Hey everyone. I wanted to give back the applause to this enormous and gorgeous organization of this event. I think it’s in order to have a little applause for everything involved here, all the techs and stuff. Thanks a lot for being here. I’m really excited. Yeah, my name is Christian Platzer.

So it’s pronounced Willhaben, which is, if you would translate it in English, it’s something like “I wanna have this”, “wanna have”. Yeah, it’s a term youth. And we are Austria’s largest classified site, classified as in terms of Craigslist and not top secret. We are also one of Austria’s largest sites as such. So, we are top in Austria in terms of page requests and page impressions, which is kind of a contradiction. Austria is not a big country, but we are a large site. I’ll give you some numbers and you can decide if we are a large company or not.

1.-2015_the-jurney-begins

All right, and my task today during the next few minutes is to guide you through some of our decisions. Unfortunately, the first talk today essentially did everything that we have running at our company. So, I’m quite happy that I didn’t devote to detail our system setup. I’m going to talk about some quirks, how we took the decision to go for HAProxy in the first place, and how this could also affect some other companies. I’m going to give you some examples of challenges that we had to face and maybe you can get something out of it.

It all started in 2015, which still amazes me; I have to look up this date every time I do a presentation because it’s just 4 ½ years ago. Back then we were around something like this. So, maybe as a background, Willhaben is a startup company. We started with very few people and it grew over time and now we have like 250 people, 250 employees, and you can imagine that there are a lot of challenges we had to tackle to put up with the growth.

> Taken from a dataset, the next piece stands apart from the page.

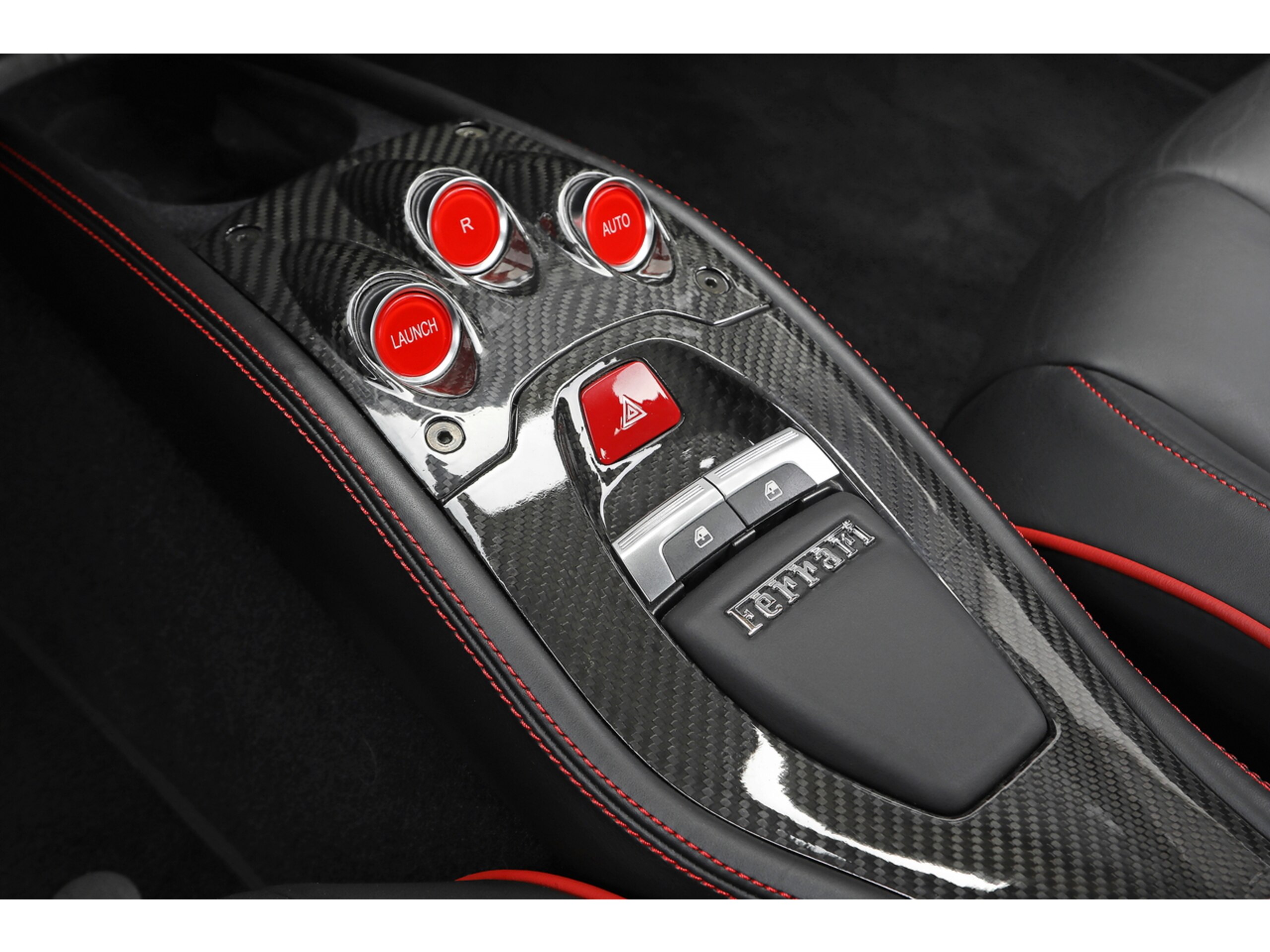 2010 Ferrari 458 Italia F1 DCT — Photo 8 / 40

Back then it was in the range of 600 to 800 megabits per second. This is a decent amount of traffic, but still it’s not that much, and 99% of it was HTTP. So, we were solely delivering HTTP requests or responses. That was it, except for login and payment. This was just 4 ½ years ago. Now we are running HSTS on our platform. So there is no HTTP anymore. Of course, we had a load balancer at the time of an undisclosed name. We had just four pools: our web pool, one for the API, the desktop, and the caching image pool. That was it and we were really limited in operating these pools. We just had the ability to drain them and disable them over the web frontend. There were no API requests for us because we are not hosting the infrastructure ourselves. We start from operating system level up and this also didn’t change over time. It cost a lot, this undisclosed load balancer solution.

2.-incentive

The first interesting thing I want to point out is our incentive. You might think that our incentive to go for a software load balancer solution would be something like gaining flexibility and having the operators or SREs have an easier day, but that was not it. The incentive to have a look at our load balancing solution came with the need to go all in on HTTPS. This was the major incentive and at the time the manager approached me and said, “Hey, maybe we could just shop the next bigger F5?” Okay, now I’ve said it.

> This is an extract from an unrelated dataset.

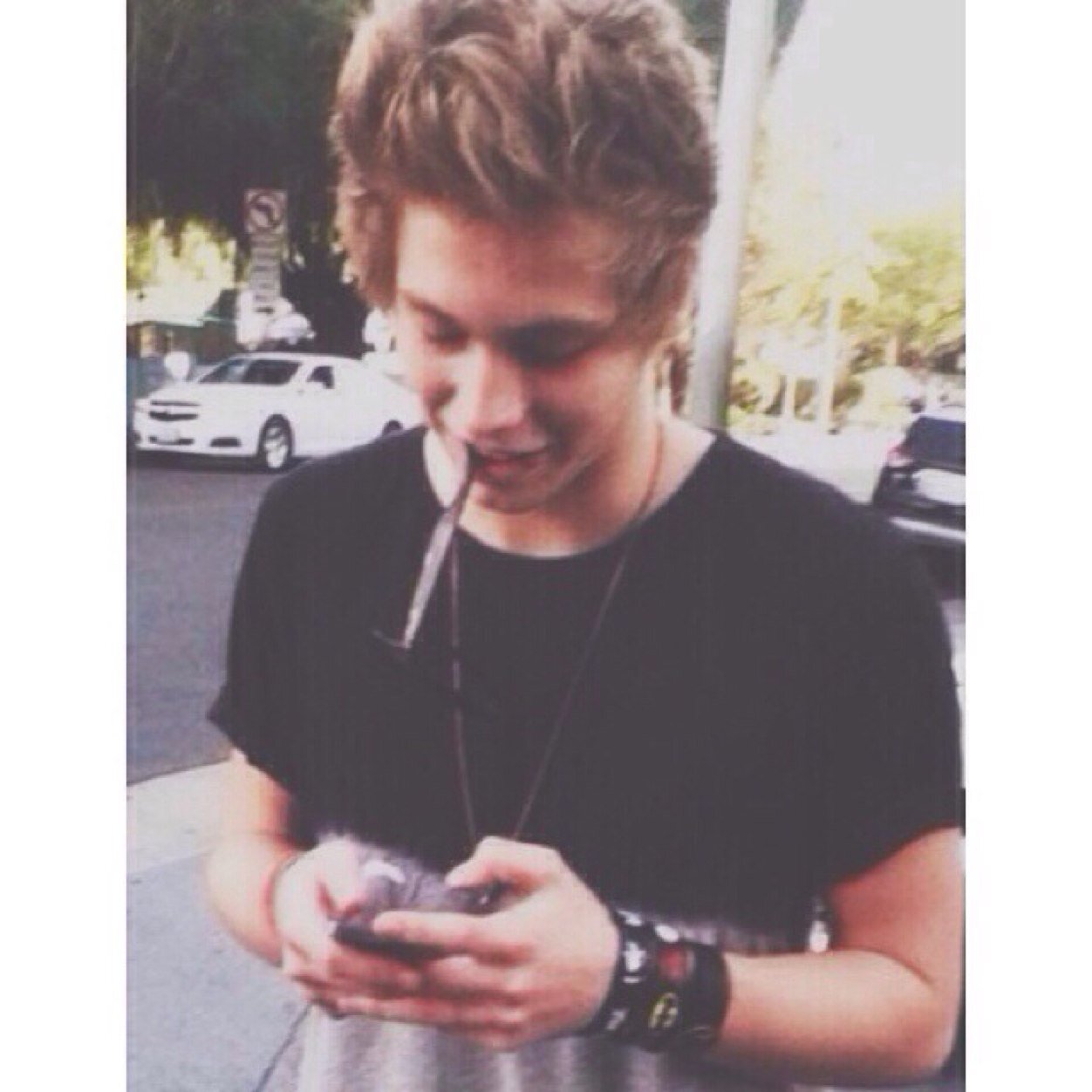 Luke will find you and follow you, he loves you and when he sees you'll tweets it'll make him smile and I cant wait to congratulate you:) --@styleslaurinah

I told him, “Yeah we could, but it will cost a lot.” You’ve seen the numbers from the first presentation. It really costs a lot and plus we’re not happy with it because we still would have to deal with this limited functionality that we’d need to put up with. So then this colleague of mine, let’s call him Mr. O., he was all like, “It’s Linux, baby! We can do this on software.”

I didn’t know HAProxy at the time, but he is one of these tech guys constantly pushing for new solutions and stuff, and he said that we can pull it off, and in my opinion, I always thought that if something is done in hardware it has to be way better than software because otherwise they would do it in software. So, I was really skeptical about replacing something like an F5 with a software solution that I didn’t even know at the time; but after some initial testing…yeah, I thought, maybe we can pull it off. We approached our manager. He gave his okay and that’s how HAProxy 1.5 came to pass.

3.-first-iteration-version-1.5

Our initial setup may look weird to you if you haven’t used HAProxy in the 1.5 version. There was no multithreading. It was all multi-processing. To give you a quick overview on what the design really does, we have this bunch of frontend cores that essentially just do the HTTPS offloading; and then they really connect to the backends through localhost connections, really HTTP localhost connections with a Proxy version 2 protocol. From there we go to the backends. Also, the scaling is pretty much, or was pretty much as you see there, we had these two backend processes.

The funny thing is with this kind of setup we kind of emulated a hitless reload because you could drain one backend, reconfigure it, put it up again, drain the second backend, configure it and put it up again. We usually didn’t touch our frontend process because we only needed to touch it or reload it when we really needed a new IP and that was not a common case back in the days. So, this worked pretty well. It was perfectly fine to deal with our 600 to 800 megabits per second. We always had core stickiness. That’s something that we also decided to keep even for the new implementations, and we were pretty happy with it.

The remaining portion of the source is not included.